Die letzten Farbschichten wurden mit einem flachen Pinsel quer aufgetragen, um Regenwasser-Streifen anzudeuten. Der Auftrag war bis zuletzt lasierend, daher kann man bei den linken beiden Dächern noch den von der ursprünglichen Lackierung herrührenden mittigen Rußstreifen erkennen.
Meine inzwischen erworbene Routine erlaubt es mir, die Fahrgestelle während der Lackierung der Wagenkästen weder abzuschrauben noch abzukleben. Wer keine Übung hat und befürchten muss, dass er die Fahrgestelle ankleckert, kann sie abkleben oder zwei Schrauben im Inneren des Wagens lösen und sie abnehmen.

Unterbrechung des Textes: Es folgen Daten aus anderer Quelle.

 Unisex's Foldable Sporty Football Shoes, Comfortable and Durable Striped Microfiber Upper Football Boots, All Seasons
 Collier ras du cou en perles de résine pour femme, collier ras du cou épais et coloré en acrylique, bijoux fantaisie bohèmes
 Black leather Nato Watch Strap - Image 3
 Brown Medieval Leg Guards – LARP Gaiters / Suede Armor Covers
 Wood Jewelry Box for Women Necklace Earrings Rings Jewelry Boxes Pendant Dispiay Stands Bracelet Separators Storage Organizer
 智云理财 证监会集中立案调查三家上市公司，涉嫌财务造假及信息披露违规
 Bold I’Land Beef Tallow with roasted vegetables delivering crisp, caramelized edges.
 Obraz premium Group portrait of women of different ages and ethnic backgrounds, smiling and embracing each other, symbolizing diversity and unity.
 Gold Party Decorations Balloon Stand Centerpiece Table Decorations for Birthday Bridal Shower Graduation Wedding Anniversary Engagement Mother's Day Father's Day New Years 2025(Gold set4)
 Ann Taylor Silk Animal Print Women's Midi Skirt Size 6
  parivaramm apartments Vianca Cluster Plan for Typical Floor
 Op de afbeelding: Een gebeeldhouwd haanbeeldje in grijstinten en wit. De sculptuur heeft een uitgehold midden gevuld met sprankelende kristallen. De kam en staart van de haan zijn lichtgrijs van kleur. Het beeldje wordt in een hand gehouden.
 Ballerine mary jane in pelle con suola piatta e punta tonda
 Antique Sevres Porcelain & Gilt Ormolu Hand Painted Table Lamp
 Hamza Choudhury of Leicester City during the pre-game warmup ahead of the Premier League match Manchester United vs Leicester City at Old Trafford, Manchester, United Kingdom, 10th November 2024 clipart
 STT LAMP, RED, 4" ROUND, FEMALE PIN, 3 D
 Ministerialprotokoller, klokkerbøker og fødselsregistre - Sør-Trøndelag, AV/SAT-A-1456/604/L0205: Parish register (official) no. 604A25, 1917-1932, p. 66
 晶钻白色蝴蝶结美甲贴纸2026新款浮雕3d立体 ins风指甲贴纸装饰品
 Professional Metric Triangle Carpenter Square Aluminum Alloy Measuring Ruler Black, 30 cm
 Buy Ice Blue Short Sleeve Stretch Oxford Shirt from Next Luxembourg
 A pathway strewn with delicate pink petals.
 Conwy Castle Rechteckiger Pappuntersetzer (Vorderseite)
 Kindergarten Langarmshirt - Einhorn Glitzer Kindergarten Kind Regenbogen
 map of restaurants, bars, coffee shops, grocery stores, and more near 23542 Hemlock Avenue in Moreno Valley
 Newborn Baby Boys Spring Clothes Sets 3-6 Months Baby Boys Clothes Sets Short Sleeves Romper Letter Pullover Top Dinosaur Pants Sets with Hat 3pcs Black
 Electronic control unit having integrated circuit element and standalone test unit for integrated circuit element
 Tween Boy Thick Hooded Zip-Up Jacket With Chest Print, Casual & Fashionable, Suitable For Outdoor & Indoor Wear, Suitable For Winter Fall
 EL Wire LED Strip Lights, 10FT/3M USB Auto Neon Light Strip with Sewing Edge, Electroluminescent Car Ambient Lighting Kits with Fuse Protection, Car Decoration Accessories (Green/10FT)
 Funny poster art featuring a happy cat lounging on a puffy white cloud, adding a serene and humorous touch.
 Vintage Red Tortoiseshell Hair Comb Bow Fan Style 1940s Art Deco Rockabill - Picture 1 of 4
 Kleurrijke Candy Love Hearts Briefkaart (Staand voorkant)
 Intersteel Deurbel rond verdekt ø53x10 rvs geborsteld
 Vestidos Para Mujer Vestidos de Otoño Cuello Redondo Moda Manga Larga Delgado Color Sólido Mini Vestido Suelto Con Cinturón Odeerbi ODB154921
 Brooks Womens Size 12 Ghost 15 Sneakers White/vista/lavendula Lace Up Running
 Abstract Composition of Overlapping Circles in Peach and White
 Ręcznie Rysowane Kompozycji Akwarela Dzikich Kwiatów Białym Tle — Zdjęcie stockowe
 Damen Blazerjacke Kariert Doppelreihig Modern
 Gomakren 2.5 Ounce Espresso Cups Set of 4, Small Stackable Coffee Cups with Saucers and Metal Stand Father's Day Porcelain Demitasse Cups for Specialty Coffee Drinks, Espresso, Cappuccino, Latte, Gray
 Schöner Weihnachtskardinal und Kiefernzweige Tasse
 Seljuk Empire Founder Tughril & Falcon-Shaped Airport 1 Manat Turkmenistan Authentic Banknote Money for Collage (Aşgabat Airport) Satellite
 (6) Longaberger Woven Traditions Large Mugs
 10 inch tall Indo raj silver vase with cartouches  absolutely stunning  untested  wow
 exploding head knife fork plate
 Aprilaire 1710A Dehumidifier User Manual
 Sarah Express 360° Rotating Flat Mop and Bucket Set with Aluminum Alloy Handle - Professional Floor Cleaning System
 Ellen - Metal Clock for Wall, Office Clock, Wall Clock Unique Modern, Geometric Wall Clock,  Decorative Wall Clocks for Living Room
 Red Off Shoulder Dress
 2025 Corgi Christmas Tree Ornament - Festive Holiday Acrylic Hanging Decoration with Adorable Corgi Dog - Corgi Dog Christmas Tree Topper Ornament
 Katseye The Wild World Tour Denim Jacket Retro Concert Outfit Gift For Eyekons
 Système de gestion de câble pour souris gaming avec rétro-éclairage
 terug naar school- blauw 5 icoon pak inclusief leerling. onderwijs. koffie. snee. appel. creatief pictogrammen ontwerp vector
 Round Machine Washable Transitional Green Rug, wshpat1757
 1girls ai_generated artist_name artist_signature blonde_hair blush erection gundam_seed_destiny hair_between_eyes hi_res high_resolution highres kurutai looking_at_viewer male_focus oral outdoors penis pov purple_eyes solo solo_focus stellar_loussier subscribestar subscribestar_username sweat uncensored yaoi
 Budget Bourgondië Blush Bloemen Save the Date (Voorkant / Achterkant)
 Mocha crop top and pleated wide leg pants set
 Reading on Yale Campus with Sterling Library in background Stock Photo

Nun geht es an die Wagenkästen. Ich habe meinen „DB-Mix“ vorbereitet - Revell Aqua Ziegelrot und Lederbraun 2:1 gemischt und, wie in der vorletzten Folge dieser Serie beschrieben, verdünnt. Von der Farbe rühre ich so viel an, dass ich mindestens einen Wagenkasten damit streichen kann, ohne meine Arbeit unterbrechen zu müssen. Die Farbe ist ganz dünnflüssig angerührt, dennoch legt sie sich an den Wänden des glatten Kunststoffbehälters an und perlt nicht ab, wie man hier hoffentlich etwas besser sehen kann als auf dem gleichartigen Foto vor 14 Tagen:
Die Farbe trage ich so HAUCHDÜNN auf, wie man das einst in einer Magirus-Werbung vom idealen Eierkuchen erwartete. Sinngemäß lautete diese Radio-Werbung etwa so: „Was ich mag? Meine Freundin Anni, Palatschinken HAUCHDÜNN, die Großglockner Hochalm-Strecke bei jedem Wetter, und meinen Magirus Deutz.“
Der Wagen steht nicht, er liegt stabil auf einem Stück Küchenrolle auf. Da der Wagen liegt und ich daher auf einer horizontalen Fläche male, fließt mir kaum Farbe davon. Die Pinselhand liegt ebenfalls fest auf der Unterlage auf.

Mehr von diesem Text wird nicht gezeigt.